Here’s where, if you’re not familiar with the work of Mr Osti, a summary would be most helpful, and would run as follows. Born in Bologna in 1944, Mr Osti was one of the late 20th century’s most pioneering menswear designers. As well as launching the era-defining brands CP Company (in 1975) and Stone Island (in 1982), Mr Osti dedicated himself throughout his career to innovation within the field of fashion production, inventing ingenious new fabrics (such as the thermo-sensitive material used for Stone Island’s Ice jacket in 1991) and manufacturing processes, most notably, the idea of garment dyeing. This technique, in which a finished piece of clothing is immersed in a vat of dye post-assembly, resulting in a rich, uneven colour that shifts across the surface of each piece, is now widely used (you can see it in products from brands as diverse as Massimo Alba and Visvim).
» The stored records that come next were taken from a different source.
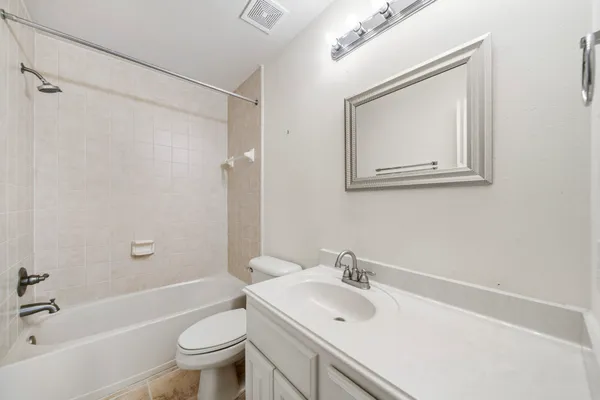 $595,000 | 6503 Grand Flora Court, Houston, TX 77041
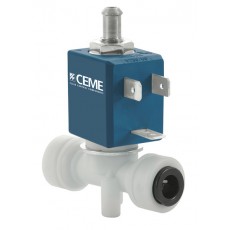 CEME 电磁阀V391系列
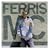 Ferris MC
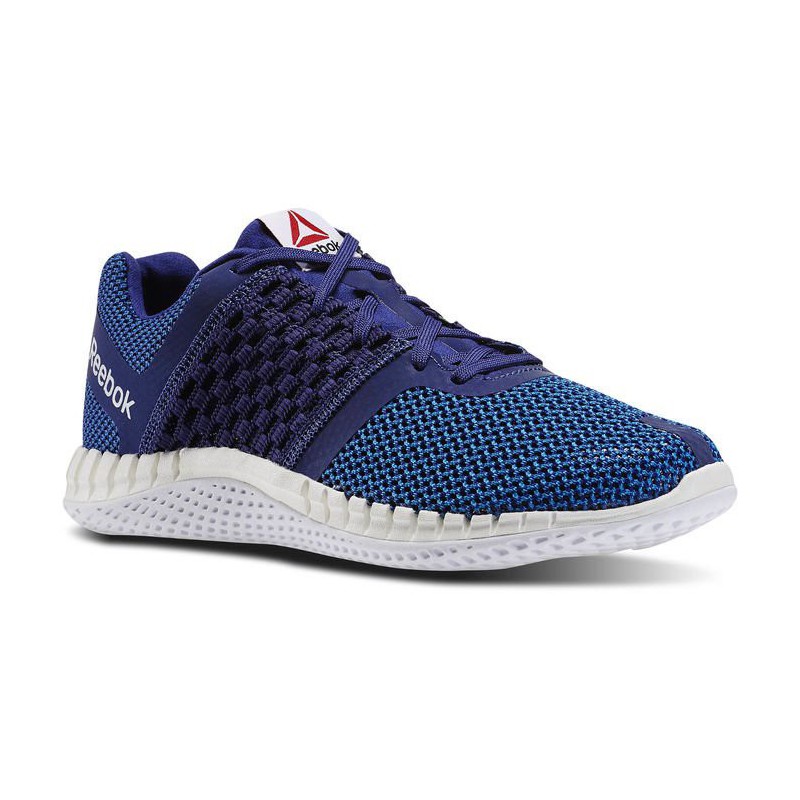 Dámské boty REEBOK ZPRINT RUN V71822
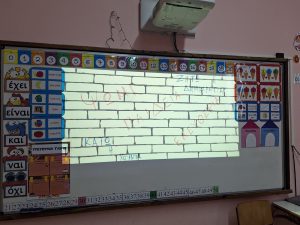 0 02 05 82d3dee598e02a3a64c266c6de9ee585033a3d49b4a0399e03abc65fa64fb2ff 95811c902f8cebe7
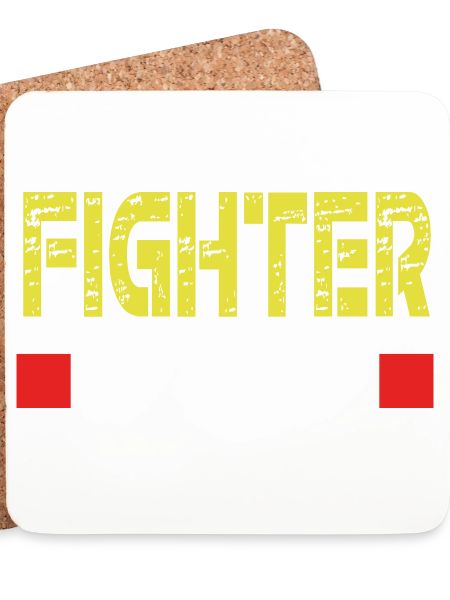 FIGHTER Textbasis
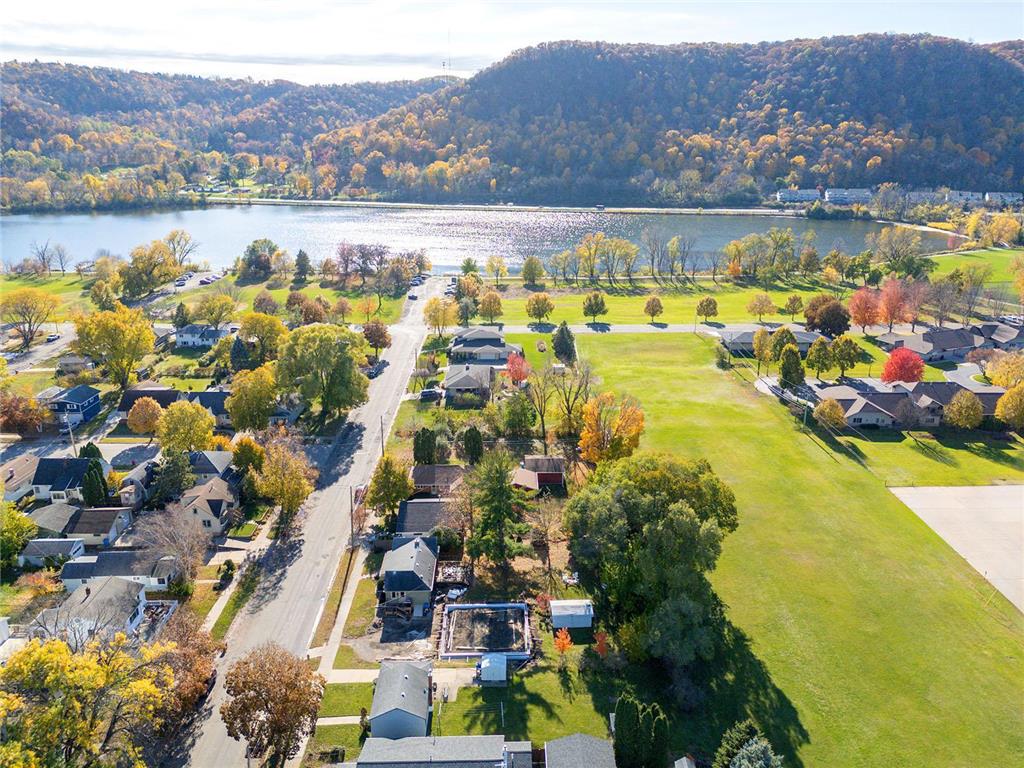 657 Sioux Street Winona MN 55987 6816249 image5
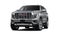 2027 GMC Yukon Base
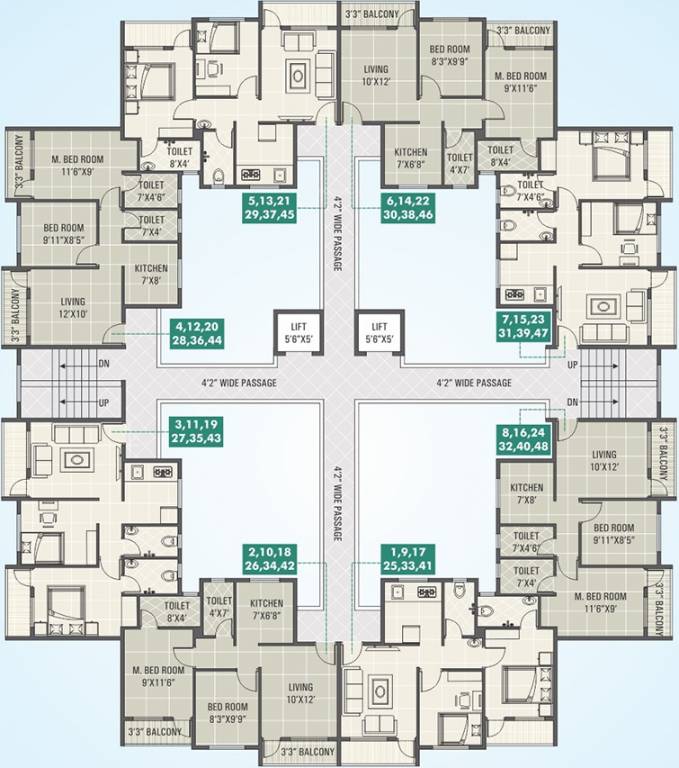 Images for clusterPlan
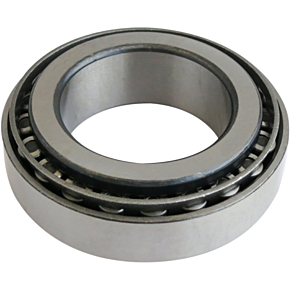 Epi Axle Bearing - Rear WE304393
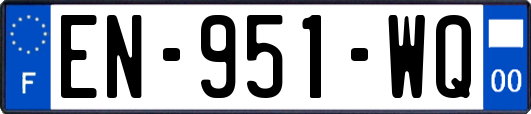EN-951-WQ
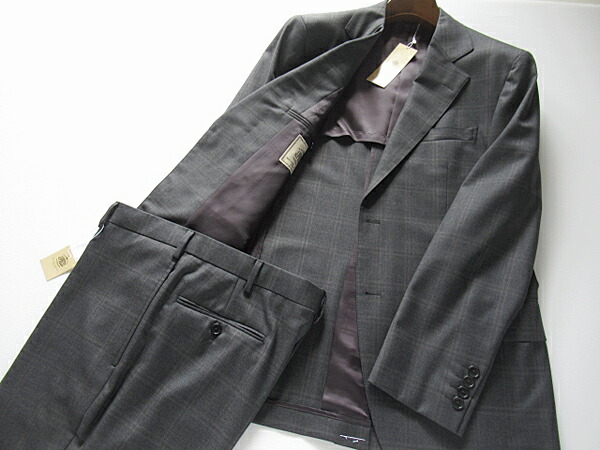 オンワード スーツ メンズスーツ | 通販・人気ランキング - 価格.com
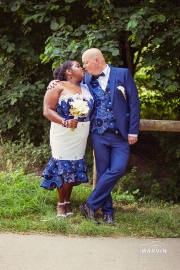 evelyne-sebastian-0044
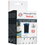 Фильтр Tefal Air Force Flex ZR009001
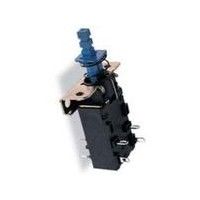 P227EE2A18B Pushbutton Switches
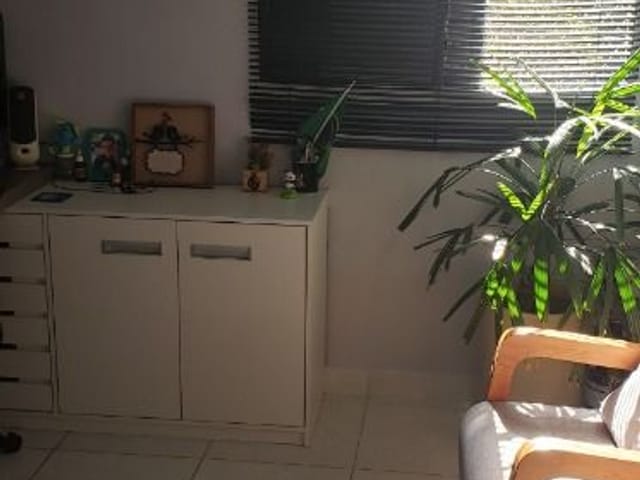 Foto do Apartamento - Apartamento com 2 dormitórios à venda, 48 m² por R$ 175.000,00 - Conjunto Residencial Trinta e Um de Março - São José dos Campos/SP | INDEPENDENCE NEGOCIOS IMOBILIARIOS LTDA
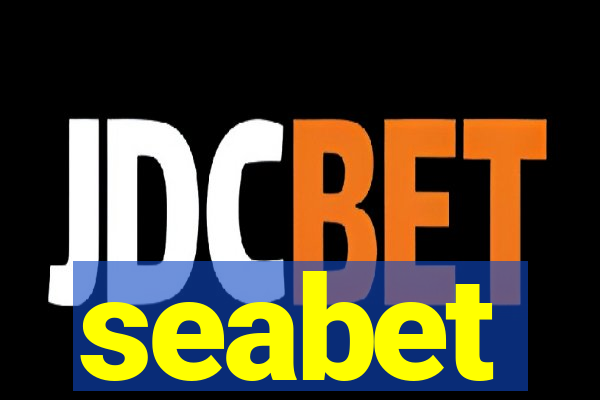 seabet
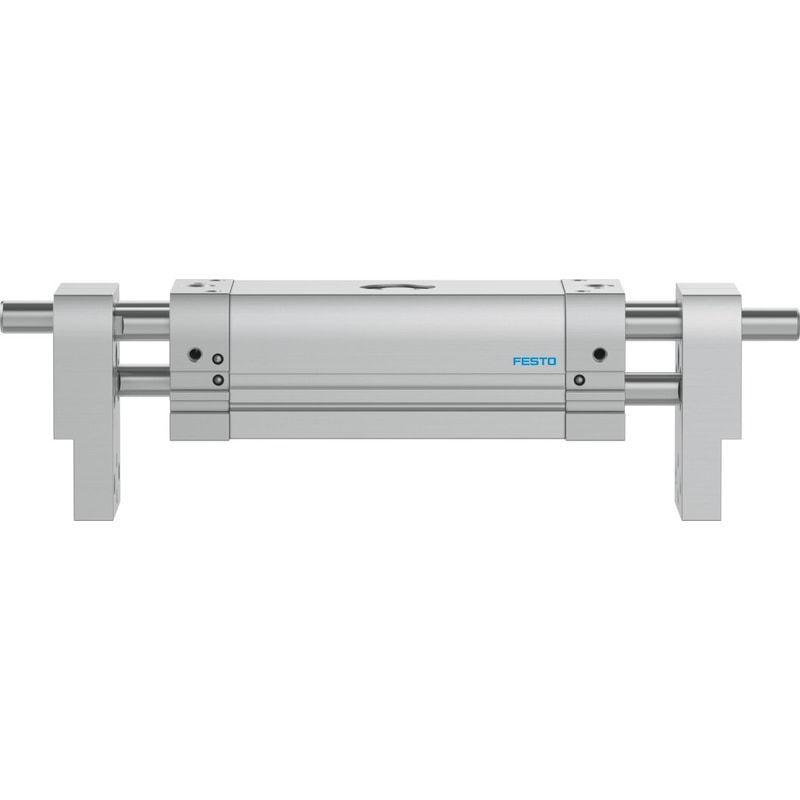 DHPL-25-120-P-A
“We want to introduce the parka to the next generation with a new language, a bit more fresh, less nostalgic”
In his work for Nemen, Mr Fasolo takes such ideas as a starting point, and develops them to new levels of complexity, opting for the highest-quality cottons and nylons and meticulously researching new methods of dyeing and treating them. “If you come into the studio you’ll see we have a wall full of colour absorbency tests. It’s a problem sometimes – all the money we get from sales goes back into R&D. We’re reinvesting everything into the product.” The results of this approach are visible in the spectacular colours, as well as the tie-dyed and ombre patterns, of his jackets. Such finishes are achieved by a laborious process, as he explains when showing us one of the dip-dyed jackets that launches today on MR PORTER. “This season, this piece is garment dyed, dip-dyed, then pigment over-dyed. Then there’s a water-repellent treatment on top. So it’s four treatments for a single piece.”
The whole process, says Mr Fasolo, can take several weeks, and is only possible because, since its launch in 2012, Nemen has always operated on a small scale. The first collection, launched as a one-off limited edition, featured three styles, 100 pieces of each. There’s a wider range now, but the manufacturing quantities are similar. But, he says, proudly, it’s also a kind of artisanal production that could only happen in Italy, home not only to the world’s best garment dyeing facilities, but a heritage of artisanal skill when it comes to the creation of clothing. This is what Mr Fasolo means, in his company bio, when he relates his work to “tailoring”.
“It’s not tailoring in terms of sartorial tailoring,” he says. “It’s tailoring because we make outerwear in the same way that a tailor makes a suit. Sometimes we don’t even make sketches, we’ll work side by side with the pattern, pinning and changing the pocket structure. It’s something that is made artisanally, and it starts from nothing, so really, it is like tailoring in that sense.”